◆ Extracted information ◆
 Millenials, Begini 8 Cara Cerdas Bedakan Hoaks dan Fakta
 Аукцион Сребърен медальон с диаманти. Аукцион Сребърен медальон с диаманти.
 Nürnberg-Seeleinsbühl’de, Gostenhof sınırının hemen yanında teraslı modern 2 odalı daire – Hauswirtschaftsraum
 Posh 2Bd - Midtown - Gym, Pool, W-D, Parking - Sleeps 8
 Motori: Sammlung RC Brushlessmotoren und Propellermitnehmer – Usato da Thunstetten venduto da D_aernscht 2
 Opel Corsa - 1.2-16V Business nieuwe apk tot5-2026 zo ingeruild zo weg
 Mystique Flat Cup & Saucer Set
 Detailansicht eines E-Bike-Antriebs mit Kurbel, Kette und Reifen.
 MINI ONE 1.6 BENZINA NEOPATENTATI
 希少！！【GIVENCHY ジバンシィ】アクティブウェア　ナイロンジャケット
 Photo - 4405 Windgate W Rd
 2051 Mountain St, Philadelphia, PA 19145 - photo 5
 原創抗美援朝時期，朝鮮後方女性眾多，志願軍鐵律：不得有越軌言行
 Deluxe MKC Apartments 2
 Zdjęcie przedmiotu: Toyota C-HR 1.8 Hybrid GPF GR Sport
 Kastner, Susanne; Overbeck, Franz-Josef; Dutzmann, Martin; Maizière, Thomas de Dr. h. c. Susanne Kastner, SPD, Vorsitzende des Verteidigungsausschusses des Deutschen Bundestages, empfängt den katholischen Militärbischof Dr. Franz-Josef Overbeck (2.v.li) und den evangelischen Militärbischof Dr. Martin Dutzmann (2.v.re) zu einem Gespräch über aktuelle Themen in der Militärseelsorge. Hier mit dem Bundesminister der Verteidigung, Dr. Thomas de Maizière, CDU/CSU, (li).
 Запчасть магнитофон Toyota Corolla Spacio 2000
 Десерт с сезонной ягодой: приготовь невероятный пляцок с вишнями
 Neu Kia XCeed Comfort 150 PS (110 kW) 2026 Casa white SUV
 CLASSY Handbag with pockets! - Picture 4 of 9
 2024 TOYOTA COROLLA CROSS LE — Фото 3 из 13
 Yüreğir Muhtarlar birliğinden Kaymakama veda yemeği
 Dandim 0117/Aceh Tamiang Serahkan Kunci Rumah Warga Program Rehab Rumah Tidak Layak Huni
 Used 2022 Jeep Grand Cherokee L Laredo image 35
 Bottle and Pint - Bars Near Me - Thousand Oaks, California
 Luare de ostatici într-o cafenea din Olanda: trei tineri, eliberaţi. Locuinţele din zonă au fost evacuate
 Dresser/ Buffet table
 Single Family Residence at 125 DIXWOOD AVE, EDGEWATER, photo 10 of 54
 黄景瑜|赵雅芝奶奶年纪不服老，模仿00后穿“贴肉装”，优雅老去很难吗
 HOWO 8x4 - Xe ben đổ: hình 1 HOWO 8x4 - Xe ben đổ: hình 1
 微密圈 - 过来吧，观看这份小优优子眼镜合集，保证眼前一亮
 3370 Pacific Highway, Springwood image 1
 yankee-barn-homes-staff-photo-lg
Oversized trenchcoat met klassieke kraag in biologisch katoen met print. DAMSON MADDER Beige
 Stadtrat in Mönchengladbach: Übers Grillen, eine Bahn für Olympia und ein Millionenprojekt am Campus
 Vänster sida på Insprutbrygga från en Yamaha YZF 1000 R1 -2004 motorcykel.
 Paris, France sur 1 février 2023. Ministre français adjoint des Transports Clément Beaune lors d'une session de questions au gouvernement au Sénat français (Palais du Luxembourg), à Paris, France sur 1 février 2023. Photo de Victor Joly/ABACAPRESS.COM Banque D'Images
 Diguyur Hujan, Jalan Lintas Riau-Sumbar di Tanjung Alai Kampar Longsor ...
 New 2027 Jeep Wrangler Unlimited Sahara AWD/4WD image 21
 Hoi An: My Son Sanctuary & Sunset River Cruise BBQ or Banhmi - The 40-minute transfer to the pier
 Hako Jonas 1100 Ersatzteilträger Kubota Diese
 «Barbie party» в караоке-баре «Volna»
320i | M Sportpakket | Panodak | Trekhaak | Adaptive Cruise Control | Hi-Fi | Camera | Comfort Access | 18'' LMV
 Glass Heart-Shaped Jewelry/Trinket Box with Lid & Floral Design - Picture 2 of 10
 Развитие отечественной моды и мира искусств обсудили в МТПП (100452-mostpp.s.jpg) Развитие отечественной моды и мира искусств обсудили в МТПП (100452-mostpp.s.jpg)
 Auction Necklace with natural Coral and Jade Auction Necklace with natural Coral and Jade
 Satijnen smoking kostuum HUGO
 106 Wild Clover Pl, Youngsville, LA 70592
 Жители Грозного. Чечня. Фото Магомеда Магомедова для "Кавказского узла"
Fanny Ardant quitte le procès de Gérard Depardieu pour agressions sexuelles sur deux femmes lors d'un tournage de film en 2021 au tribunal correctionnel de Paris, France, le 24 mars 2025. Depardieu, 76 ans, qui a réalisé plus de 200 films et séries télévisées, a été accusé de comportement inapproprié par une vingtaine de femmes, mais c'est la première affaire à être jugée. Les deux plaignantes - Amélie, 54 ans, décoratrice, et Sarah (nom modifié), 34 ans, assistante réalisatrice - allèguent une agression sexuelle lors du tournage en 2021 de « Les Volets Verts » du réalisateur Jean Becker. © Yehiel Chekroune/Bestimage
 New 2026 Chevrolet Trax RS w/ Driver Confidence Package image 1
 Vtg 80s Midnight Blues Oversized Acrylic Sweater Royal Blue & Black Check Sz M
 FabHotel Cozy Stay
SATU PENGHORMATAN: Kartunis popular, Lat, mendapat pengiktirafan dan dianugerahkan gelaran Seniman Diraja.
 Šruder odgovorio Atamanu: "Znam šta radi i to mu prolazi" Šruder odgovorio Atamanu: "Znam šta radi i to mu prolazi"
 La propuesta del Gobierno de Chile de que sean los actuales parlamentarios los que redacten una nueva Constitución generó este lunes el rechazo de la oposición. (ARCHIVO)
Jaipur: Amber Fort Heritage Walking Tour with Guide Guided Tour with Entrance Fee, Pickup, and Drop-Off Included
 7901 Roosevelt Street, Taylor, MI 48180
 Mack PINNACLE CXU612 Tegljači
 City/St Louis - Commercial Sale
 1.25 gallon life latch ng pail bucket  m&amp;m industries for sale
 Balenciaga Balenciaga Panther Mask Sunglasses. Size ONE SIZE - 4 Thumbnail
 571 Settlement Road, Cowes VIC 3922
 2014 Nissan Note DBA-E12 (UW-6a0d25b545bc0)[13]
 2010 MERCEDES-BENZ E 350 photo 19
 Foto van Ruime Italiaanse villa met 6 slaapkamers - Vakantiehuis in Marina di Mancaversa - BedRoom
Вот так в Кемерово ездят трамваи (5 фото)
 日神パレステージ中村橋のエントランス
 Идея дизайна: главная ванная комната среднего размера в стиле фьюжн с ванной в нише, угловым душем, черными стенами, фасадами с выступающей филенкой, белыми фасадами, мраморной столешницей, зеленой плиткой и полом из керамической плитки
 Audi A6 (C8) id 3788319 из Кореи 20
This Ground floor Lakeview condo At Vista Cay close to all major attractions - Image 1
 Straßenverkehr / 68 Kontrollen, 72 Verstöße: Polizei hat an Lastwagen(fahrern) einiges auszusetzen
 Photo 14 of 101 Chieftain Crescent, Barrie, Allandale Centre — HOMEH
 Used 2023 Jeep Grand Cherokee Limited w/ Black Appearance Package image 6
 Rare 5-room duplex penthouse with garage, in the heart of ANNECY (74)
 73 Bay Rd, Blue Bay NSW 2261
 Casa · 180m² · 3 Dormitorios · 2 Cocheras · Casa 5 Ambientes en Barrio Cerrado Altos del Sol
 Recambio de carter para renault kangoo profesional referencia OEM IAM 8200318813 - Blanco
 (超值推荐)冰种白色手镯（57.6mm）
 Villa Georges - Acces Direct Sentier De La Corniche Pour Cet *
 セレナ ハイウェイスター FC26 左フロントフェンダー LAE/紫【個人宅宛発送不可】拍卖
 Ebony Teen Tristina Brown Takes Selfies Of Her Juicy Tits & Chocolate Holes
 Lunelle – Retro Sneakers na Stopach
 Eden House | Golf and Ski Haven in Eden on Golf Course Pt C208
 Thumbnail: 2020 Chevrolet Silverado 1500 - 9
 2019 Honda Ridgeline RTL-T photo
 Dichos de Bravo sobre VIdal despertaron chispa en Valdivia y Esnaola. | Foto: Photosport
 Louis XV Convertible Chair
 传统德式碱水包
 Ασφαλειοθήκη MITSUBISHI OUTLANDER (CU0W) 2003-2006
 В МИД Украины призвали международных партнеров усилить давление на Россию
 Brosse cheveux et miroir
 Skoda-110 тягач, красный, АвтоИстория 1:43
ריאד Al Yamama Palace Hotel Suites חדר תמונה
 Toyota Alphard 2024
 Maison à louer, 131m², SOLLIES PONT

◆ What the exercise asks ◆
Output only an exact transcription of the lines above from the one with "Vänster sida på" up to and including the one with "SATU PENGHORMATAN: Kartunis".

◆ Solution below ◆
 Vänster sida på Insprutbrygga från en Yamaha YZF 1000 R1 -2004 motorcykel.
 Paris, France sur 1 février 2023. Ministre français adjoint des Transports Clément Beaune lors d'une session de questions au gouvernement au Sénat français (Palais du Luxembourg), à Paris, France sur 1 février 2023. Photo de Victor Joly/ABACAPRESS.COM Banque D'Images
 Diguyur Hujan, Jalan Lintas Riau-Sumbar di Tanjung Alai Kampar Longsor ...
 New 2027 Jeep Wrangler Unlimited Sahara AWD/4WD image 21
 Hoi An: My Son Sanctuary & Sunset River Cruise BBQ or Banhmi - The 40-minute transfer to the pier
 Hako Jonas 1100 Ersatzteilträger Kubota Diese
 «Barbie party» в караоке-баре «Volna»
320i | M Sportpakket | Panodak | Trekhaak | Adaptive Cruise Control | Hi-Fi | Camera | Comfort Access | 18'' LMV
 Glass Heart-Shaped Jewelry/Trinket Box with Lid & Floral Design - Picture 2 of 10
 Развитие отечественной моды и мира искусств обсудили в МТПП (100452-mostpp.s.jpg) Развитие отечественной моды и мира искусств обсудили в МТПП (100452-mostpp.s.jpg)
 Auction Necklace with natural Coral and Jade Auction Necklace with natural Coral and Jade
 Satijnen smoking kostuum HUGO
 106 Wild Clover Pl, Youngsville, LA 70592
 Жители Грозного. Чечня. Фото Магомеда Магомедова для "Кавказского узла"
Fanny Ardant quitte le procès de Gérard Depardieu pour agressions sexuelles sur deux femmes lors d'un tournage de film en 2021 au tribunal correctionnel de Paris, France, le 24 mars 2025. Depardieu, 76 ans, qui a réalisé plus de 200 films et séries télévisées, a été accusé de comportement inapproprié par une vingtaine de femmes, mais c'est la première affaire à être jugée. Les deux plaignantes - Amélie, 54 ans, décoratrice, et Sarah (nom modifié), 34 ans, assistante réalisatrice - allèguent une agression sexuelle lors du tournage en 2021 de « Les Volets Verts » du réalisateur Jean Becker. © Yehiel Chekroune/Bestimage
 New 2026 Chevrolet Trax RS w/ Driver Confidence Package image 1
 Vtg 80s Midnight Blues Oversized Acrylic Sweater Royal Blue & Black Check Sz M
 FabHotel Cozy Stay
SATU PENGHORMATAN: Kartunis popular, Lat, mendapat pengiktirafan dan dianugerahkan gelaran Seniman Diraja.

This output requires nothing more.